====== SUPPLIED DATA ======

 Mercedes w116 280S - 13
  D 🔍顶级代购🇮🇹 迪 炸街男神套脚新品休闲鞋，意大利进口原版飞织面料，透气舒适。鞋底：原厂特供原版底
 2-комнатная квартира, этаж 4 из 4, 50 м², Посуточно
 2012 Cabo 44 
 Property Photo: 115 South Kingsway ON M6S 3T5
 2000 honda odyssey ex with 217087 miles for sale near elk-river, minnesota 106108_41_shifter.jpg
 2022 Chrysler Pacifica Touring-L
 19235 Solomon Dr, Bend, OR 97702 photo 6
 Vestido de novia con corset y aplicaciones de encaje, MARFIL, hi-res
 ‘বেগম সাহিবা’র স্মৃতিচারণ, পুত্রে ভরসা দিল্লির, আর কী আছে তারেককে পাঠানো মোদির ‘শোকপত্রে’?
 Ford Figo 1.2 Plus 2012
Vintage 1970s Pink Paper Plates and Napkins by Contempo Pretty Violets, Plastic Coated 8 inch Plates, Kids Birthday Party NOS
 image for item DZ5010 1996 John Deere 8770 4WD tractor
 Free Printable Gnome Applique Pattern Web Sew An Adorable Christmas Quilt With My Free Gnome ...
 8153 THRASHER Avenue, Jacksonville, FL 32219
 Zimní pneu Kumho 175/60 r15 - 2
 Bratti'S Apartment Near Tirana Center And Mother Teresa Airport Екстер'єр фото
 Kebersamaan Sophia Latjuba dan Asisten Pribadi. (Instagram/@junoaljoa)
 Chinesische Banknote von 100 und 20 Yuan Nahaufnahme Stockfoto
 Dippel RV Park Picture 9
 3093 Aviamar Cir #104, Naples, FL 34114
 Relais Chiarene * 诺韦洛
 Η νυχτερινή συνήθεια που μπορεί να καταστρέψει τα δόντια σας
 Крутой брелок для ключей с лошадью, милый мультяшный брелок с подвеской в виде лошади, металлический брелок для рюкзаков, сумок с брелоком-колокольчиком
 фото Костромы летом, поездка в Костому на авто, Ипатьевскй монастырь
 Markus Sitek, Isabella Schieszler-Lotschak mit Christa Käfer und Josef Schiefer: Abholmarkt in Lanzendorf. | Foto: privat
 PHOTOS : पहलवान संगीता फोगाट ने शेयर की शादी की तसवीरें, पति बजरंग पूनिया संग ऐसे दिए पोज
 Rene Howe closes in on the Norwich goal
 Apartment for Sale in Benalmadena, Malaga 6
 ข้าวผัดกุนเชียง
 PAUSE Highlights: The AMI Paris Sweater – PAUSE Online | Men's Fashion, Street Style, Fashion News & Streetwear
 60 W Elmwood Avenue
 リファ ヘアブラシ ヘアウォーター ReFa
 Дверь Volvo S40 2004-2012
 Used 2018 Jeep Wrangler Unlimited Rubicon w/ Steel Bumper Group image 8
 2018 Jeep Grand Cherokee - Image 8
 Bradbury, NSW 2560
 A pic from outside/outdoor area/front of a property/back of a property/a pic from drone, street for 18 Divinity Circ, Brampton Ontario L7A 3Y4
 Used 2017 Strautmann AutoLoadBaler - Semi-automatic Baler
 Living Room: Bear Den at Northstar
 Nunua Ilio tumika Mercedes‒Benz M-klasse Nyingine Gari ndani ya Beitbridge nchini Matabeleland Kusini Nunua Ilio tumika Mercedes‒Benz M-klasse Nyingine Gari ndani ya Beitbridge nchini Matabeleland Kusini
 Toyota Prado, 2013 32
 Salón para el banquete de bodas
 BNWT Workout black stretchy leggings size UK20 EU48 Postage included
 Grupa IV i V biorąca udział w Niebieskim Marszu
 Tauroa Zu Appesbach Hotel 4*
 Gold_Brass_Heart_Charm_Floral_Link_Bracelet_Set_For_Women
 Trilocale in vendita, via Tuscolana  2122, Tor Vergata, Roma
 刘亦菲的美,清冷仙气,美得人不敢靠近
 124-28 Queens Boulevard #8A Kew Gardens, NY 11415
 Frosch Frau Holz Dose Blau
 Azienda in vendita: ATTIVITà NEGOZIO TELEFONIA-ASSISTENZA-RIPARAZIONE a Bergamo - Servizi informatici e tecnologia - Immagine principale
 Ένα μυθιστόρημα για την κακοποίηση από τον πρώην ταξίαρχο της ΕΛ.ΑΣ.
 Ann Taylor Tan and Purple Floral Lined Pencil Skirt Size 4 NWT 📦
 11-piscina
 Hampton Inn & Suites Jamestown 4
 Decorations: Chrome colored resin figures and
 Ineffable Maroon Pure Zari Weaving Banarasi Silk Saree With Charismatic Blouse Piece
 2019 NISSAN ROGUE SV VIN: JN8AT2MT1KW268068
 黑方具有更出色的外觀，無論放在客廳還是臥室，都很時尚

======

- [REQUIRED WORK] Each record above is to be written out again exactly.

- [RESULT BELOW]
 Mercedes w116 280S - 13
  D 🔍顶级代购🇮🇹 迪 炸街男神套脚新品休闲鞋，意大利进口原版飞织面料，透气舒适。鞋底：原厂特供原版底
 2-комнатная квартира, этаж 4 из 4, 50 м², Посуточно
 2012 Cabo 44 
 Property Photo: 115 South Kingsway ON M6S 3T5
 2000 honda odyssey ex with 217087 miles for sale near elk-river, minnesota 106108_41_shifter.jpg
 2022 Chrysler Pacifica Touring-L
 19235 Solomon Dr, Bend, OR 97702 photo 6
 Vestido de novia con corset y aplicaciones de encaje, MARFIL, hi-res
 ‘বেগম সাহিবা’র স্মৃতিচারণ, পুত্রে ভরসা দিল্লির, আর কী আছে তারেককে পাঠানো মোদির ‘শোকপত্রে’?
 Ford Figo 1.2 Plus 2012
Vintage 1970s Pink Paper Plates and Napkins by Contempo Pretty Violets, Plastic Coated 8 inch Plates, Kids Birthday Party NOS
 image for item DZ5010 1996 John Deere 8770 4WD tractor
 Free Printable Gnome Applique Pattern Web Sew An Adorable Christmas Quilt With My Free Gnome ...
 8153 THRASHER Avenue, Jacksonville, FL 32219
 Zimní pneu Kumho 175/60 r15 - 2
 Bratti'S Apartment Near Tirana Center And Mother Teresa Airport Екстер'єр фото
 Kebersamaan Sophia Latjuba dan Asisten Pribadi. (Instagram/@junoaljoa)
 Chinesische Banknote von 100 und 20 Yuan Nahaufnahme Stockfoto
 Dippel RV Park Picture 9
 3093 Aviamar Cir #104, Naples, FL 34114
 Relais Chiarene * 诺韦洛
 Η νυχτερινή συνήθεια που μπορεί να καταστρέψει τα δόντια σας
 Крутой брелок для ключей с лошадью, милый мультяшный брелок с подвеской в виде лошади, металлический брелок для рюкзаков, сумок с брелоком-колокольчиком
 фото Костромы летом, поездка в Костому на авто, Ипатьевскй монастырь
 Markus Sitek, Isabella Schieszler-Lotschak mit Christa Käfer und Josef Schiefer: Abholmarkt in Lanzendorf. | Foto: privat
 PHOTOS : पहलवान संगीता फोगाट ने शेयर की शादी की तसवीरें, पति बजरंग पूनिया संग ऐसे दिए पोज
 Rene Howe closes in on the Norwich goal
 Apartment for Sale in Benalmadena, Malaga 6
 ข้าวผัดกุนเชียง
 PAUSE Highlights: The AMI Paris Sweater – PAUSE Online | Men's Fashion, Street Style, Fashion News & Streetwear
 60 W Elmwood Avenue
 リファ ヘアブラシ ヘアウォーター ReFa
 Дверь Volvo S40 2004-2012
 Used 2018 Jeep Wrangler Unlimited Rubicon w/ Steel Bumper Group image 8
 2018 Jeep Grand Cherokee - Image 8
 Bradbury, NSW 2560
 A pic from outside/outdoor area/front of a property/back of a property/a pic from drone, street for 18 Divinity Circ, Brampton Ontario L7A 3Y4
 Used 2017 Strautmann AutoLoadBaler - Semi-automatic Baler
 Living Room: Bear Den at Northstar
 Nunua Ilio tumika Mercedes‒Benz M-klasse Nyingine Gari ndani ya Beitbridge nchini Matabeleland Kusini Nunua Ilio tumika Mercedes‒Benz M-klasse Nyingine Gari ndani ya Beitbridge nchini Matabeleland Kusini
 Toyota Prado, 2013 32
 Salón para el banquete de bodas
 BNWT Workout black stretchy leggings size UK20 EU48 Postage included
 Grupa IV i V biorąca udział w Niebieskim Marszu
 Tauroa Zu Appesbach Hotel 4*
 Gold_Brass_Heart_Charm_Floral_Link_Bracelet_Set_For_Women
 Trilocale in vendita, via Tuscolana  2122, Tor Vergata, Roma
 刘亦菲的美,清冷仙气,美得人不敢靠近
 124-28 Queens Boulevard #8A Kew Gardens, NY 11415
 Frosch Frau Holz Dose Blau
 Azienda in vendita: ATTIVITà NEGOZIO TELEFONIA-ASSISTENZA-RIPARAZIONE a Bergamo - Servizi informatici e tecnologia - Immagine principale
 Ένα μυθιστόρημα για την κακοποίηση από τον πρώην ταξίαρχο της ΕΛ.ΑΣ.
 Ann Taylor Tan and Purple Floral Lined Pencil Skirt Size 4 NWT 📦
 11-piscina
 Hampton Inn & Suites Jamestown 4
 Decorations: Chrome colored resin figures and
 Ineffable Maroon Pure Zari Weaving Banarasi Silk Saree With Charismatic Blouse Piece
 2019 NISSAN ROGUE SV VIN: JN8AT2MT1KW268068
 黑方具有更出色的外觀，無論放在客廳還是臥室，都很時尚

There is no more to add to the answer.